We recommend the adoption of our 5-step strategy at research sites and sponsors to overcome these disparities and to promote clinical research in community oncology practices. DRIVE33 is a practical, immediately actionable 5-step strategy for promoting and improving diversity, equity, inclusion, and access (DEIA) in clinical trials for minority patients. DRIVE aims to use these strategies to correct inequalities and promote the overall health of humankind, as established in the Greenberg Report,34 equating diversity and safety due to the potentially generalizable clinical data generated. Additionally, DRIVE uses proven principles and techniques to create meaningful improvements in cancer care and outcomes.
DRIVE
D: Diversity officer for clinical research studies; to develop an actionable, flexible, and prospective diversity plan for clinical research. Diversity officers should be funded by study sponsors and institutions as part of the clinical trial enterprise, very similarly to funding of data safety and monitoring boards.
R: Ranking of clinical studies for diversity; generating an informational tool for determining clinical research diversity (Figure 4). Ranking should be based on independent audits of self-reported accrual data and generated by DEIA promoting heath care organizations and major medical societies.
I: Individual DEIA plan; created by each investigator to promote enrollment of diverse subjects.
V: Verification of study diversity; creating a process for confirming research diversity. Verification should be based on the same auditing used for evaluating clinical trial data for efficacy and safety.

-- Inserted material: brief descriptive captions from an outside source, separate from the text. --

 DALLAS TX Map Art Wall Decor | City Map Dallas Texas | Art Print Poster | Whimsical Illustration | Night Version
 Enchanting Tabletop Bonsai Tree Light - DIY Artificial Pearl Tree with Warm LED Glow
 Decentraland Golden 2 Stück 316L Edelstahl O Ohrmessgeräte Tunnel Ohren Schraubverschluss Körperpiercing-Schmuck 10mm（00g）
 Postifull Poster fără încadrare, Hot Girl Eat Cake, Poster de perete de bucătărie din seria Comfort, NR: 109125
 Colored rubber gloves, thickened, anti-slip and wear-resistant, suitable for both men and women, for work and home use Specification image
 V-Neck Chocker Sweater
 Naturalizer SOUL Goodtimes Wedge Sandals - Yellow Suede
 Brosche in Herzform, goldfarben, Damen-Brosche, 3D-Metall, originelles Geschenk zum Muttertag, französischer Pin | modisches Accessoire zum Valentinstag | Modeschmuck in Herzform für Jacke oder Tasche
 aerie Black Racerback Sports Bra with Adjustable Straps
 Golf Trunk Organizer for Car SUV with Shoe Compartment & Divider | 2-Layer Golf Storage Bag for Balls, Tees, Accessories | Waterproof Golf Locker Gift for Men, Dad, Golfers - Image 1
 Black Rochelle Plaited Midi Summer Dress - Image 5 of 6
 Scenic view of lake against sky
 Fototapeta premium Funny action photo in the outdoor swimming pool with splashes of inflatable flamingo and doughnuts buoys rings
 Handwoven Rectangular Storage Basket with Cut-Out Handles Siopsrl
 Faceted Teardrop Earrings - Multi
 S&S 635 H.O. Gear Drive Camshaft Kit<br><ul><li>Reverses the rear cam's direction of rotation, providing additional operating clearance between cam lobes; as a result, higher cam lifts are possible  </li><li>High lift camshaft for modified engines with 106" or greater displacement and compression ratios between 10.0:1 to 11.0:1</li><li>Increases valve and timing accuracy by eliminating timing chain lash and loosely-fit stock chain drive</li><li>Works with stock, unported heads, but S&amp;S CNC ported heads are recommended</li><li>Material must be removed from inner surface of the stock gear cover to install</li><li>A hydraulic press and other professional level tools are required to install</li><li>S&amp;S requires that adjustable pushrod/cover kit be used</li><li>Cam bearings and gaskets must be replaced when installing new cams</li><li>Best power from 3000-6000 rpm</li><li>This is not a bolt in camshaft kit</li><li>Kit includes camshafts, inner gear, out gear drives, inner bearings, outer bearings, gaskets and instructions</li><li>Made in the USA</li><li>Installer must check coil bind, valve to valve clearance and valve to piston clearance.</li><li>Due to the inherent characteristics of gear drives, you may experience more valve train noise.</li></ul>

E: Elevate and enhance training of minority investigators and research team members; to promote minority patient participation by all clinical trial stakeholders
Conclusion
Strategies to enhance the participation of patients with high-risk malignancies in community practices can address health disparities and promote the early adoption of potentially curative therapies in community oncology practices. Outcomes for lymphomas are significantly affected by race, as shown in the clinical case presented, as well as in the other high-risk hematologic malignancies (Figure 5). Thus, efforts to overcome barriers that potentially prevent clinical trial availability and enrollment in community oncology practices are important steps in this direction. Our recommendations include adoption of the DRIVE strategy, as well as a full-throated adoption of the elements promulgated in the US Food and Drug Administration Omnibus Act of 2022 by the pharmaceutical industry, including the creation of a prospective diversity plan for major clinical trials and expanding clinical trials to community oncology practices. Additionally, we suggest promoting the NCORP program's goals. These steps would further enhance clinical research availability in community oncology for high-risk hematologic malignancies.
Conflict-of-interest disclosure
Maya N. Birhiray is the daughter of Ruemu E. Birhiray.
Ruemu Ejedafeta Birhiray: no competing financial interests to declare.
Maya Nicole Birhiray: no competing financial interests to declare.
Off-label drug use
Ruemu Ejedafeta Birhiray: Nothing to disclose.
Maya Nicole Birhiray: Nothing to disclose.